Specifically, Spatial 1 and 2 refer to features from the aspect of local structure and the shortest path statistics feature from global connectivity, while Spatial 3 represents the Forman-Ricci curvature from geometric properties. In terms of time, Temporal 1, 2, and 3 correspond to Statistical and spectral descriptors, Multi-resolution analysis, and Temporal dependencies and complexity, respectively.
| w/o Features | MAPE(%) |
|---|---|
| Spatial 1 | 47.00±4.93 |
| Spatial 2 | 48.92±3.89 |
| Spatial 3 | 49.97±0.87 |
| Temporal 1 | 50.61±2.87 |
| Temporal 2 | 44.98±2.32 |
| Temporal 3 | 49.76±0.98 |
| Ours | 43.65±3.73 |
The experimental results with the TGCN backbone demonstrate that Spatial pattern 1 and Spatial pattern 2 each contribute to the effect of local structure and global connectivity features, significantly enhancing the model's understanding of dynamic graph changes, while the multi-resolution analysis feature (Temporal pattern 2) performs best with a MAPE of 44.98±2.32%, its sensitivity to short-term trends effectively capturing signal transients and complexity, thus better adapting to dynamic spatio-temporal environments.
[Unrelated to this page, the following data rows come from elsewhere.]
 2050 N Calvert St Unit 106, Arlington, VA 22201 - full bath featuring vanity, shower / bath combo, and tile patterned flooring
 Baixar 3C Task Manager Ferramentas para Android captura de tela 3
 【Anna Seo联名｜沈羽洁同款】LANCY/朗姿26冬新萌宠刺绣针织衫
Inspired by your comments, we also plan to integrate more spatial and temporal features in future work to explore their interactions and gain a more comprehensive understanding of the complexities in spatio-temporal data.
Q4
Thank you for highlighting the connection between our work and the broader retrieval-augmented learning paradigm. STRAP builds upon this emerging direction while introducing several key innovations specifically designed for spatio-temporal graph data under distribution shifts.
STRAP's superior performance stems from several important distinctions:
- While previous methods typically maintain a single pattern repository, STRAP's separate spatial, temporal, and spatio-temporal libraries enable more precise matching along different dimensions of variation. This is crucial for streaming data where distribution shifts can occur independently in different dimensions.
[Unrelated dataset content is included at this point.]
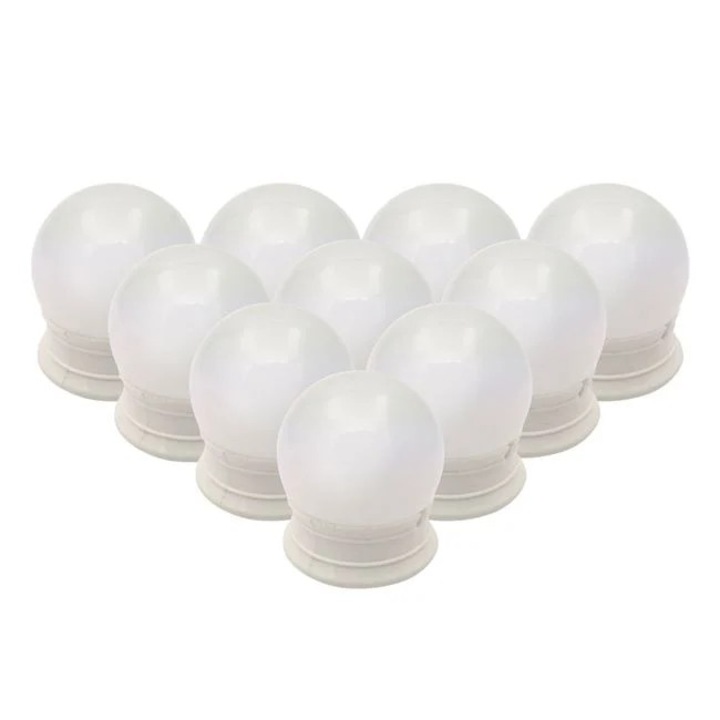 Set 10 becuri LED pentru budoar Antbro® cu 3 trepte de lumina, port USB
- STRAP employs domain-specific topological and temporal feature extractors designed to capture the unique characteristics of spatio-temporal graphs. In contrast, general retrieval-based methods often rely on generic graph embeddings that may not adequately capture complex spatial-temporal dependencies.
- Our framework incorporates a learnable fusion weight that dynamically balances the contribution of retrieved patterns and current observations. This adaptability is particularly valuable in streaming settings where the relevance of historical patterns can vary substantially.
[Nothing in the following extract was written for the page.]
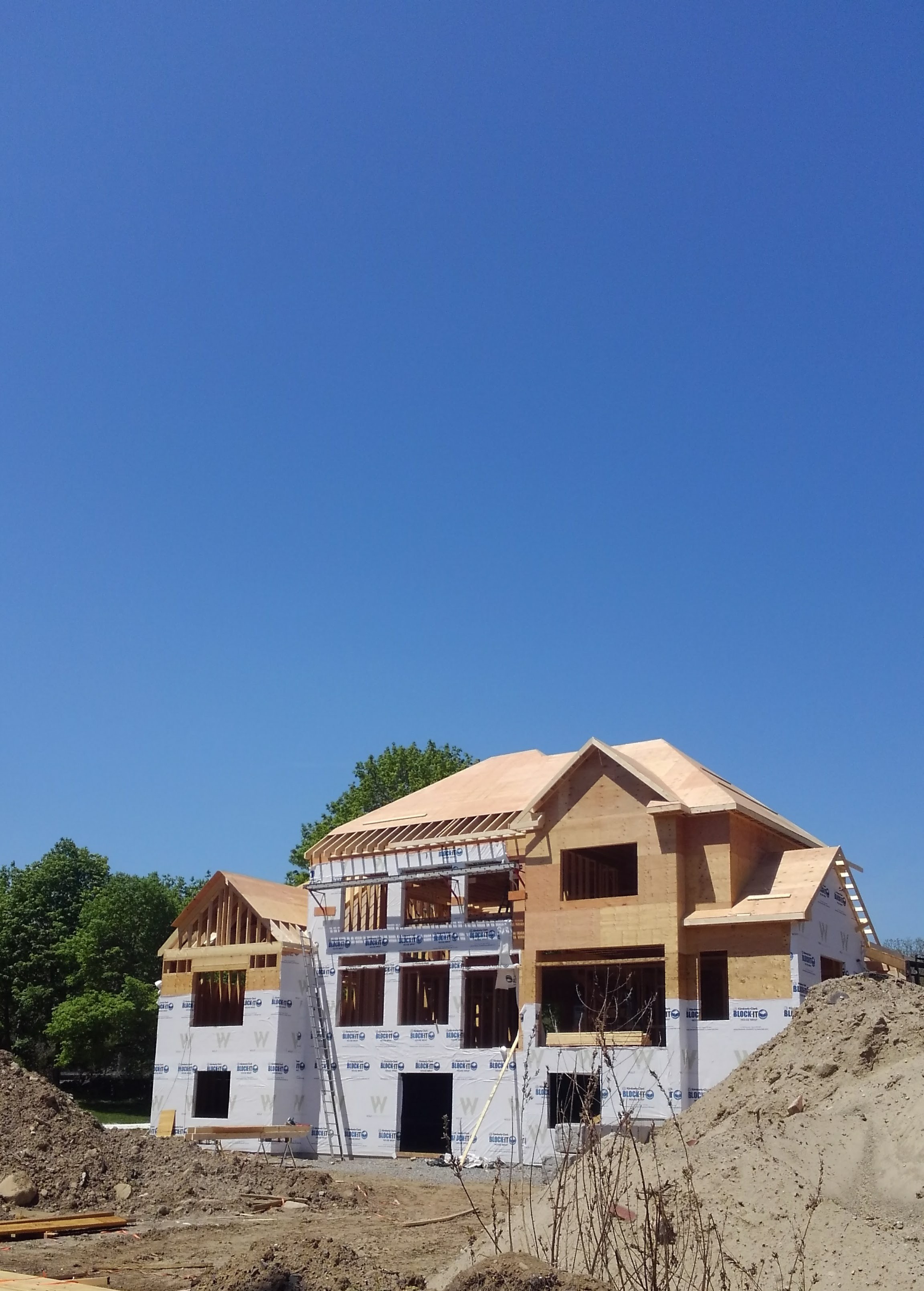 House build in progress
- As shown in our theoretical analysis (Theorem B.1), our decomposed approach provides higher mutual information with the underlying data distribution compared to unified representation approaches used in previous methods.
In addition, we supplemented the RAGraph experiment, as detailed in W2.
Q5
We appreciate this important question about STRAP's performance in few-shot adaptation scenarios. To address this, we conducted additional experiments using the ENERGY dataset as a representative benchmark, as it exhibits complex spatio-temporal dependencies and significant distribution shifts.
We tested STRAP against several strong baselines under data-limited conditions, specifically when only 70% (30% missing) and 50% (50% missing) of the target distribution data is available for adaptation. The results, summarized in the table below, demonstrate STRAP's superior robustness in few-shot scenarios: (Due to character limitations, only the 30% missing scenario is presented here, with the 50% missing scenario supplemented later in the appendix.)
| Method | Metric | Energy-Stream 3 | Energy-Stream 6 | Energy-Stream 12 | Energy-Stream Avg. |
|---|---|---|---|---|---|
| Graphpro | MAE | 6.07 | 5.96 | 6.00 | 5.97 |
| RMSE | 6.28 | 6.20 | 6.34 | 6.23 | |
| MAPE(%) | 74.31 | 74.73 | 76.14 | 74.86 | |
| ST-Adapter | MAE | 6.19 | 6.16 | 6.22 | 6.16 |
| RMSE | 6.48 | 6.47 | 6.61 | 6.48 | |
| MAPE(%) | 76.15 | 76.64 | 77.96 | 76.74 | |
| Replay | MAE | 6.23 | 6.17 | 6.21 | 6.18 |
| RMSE | 6.41 | 6.40 | 6.53 | 6.41 | |
| MAPE(%) | 75.08 | 75.47 | 76.77 | 75.60 | |
| EWC | MAE | 6.35 | 6.28 | 6.27 | 6.27 |
| RMSE | 6.55 | 6.52 | 6.61 | 6.53 | |
| MAPE(%) | 70.70 | 71.28 | 72.51 | 71.32 | |
| STRAP | MAE | 5.74 | 5.64 | 5.66 | 5.77 |
| RMSE | 6.10 | 6.01 | 6.11 | 6.14 | |
| MAPE(%) | 66.53 | 67.02 | 68.36 | 67.42 |
Dear Reviewer kmFw,
As the deadline for author-reviewer discussion is approaching, could you please check the authors' rebuttal and post your response?
Thank you!
Best,
AC
Thank you for the authors' response, which has addressed my main concern. However, I still have a question regarding the experimental results. I noticed that STRAP, RAGraph, and PRODIGY all employ context-enhancement approaches, yet STRAP performs better. Could you kindly explain the fundamental differences in STRAP's design that contribute to these performance advantages?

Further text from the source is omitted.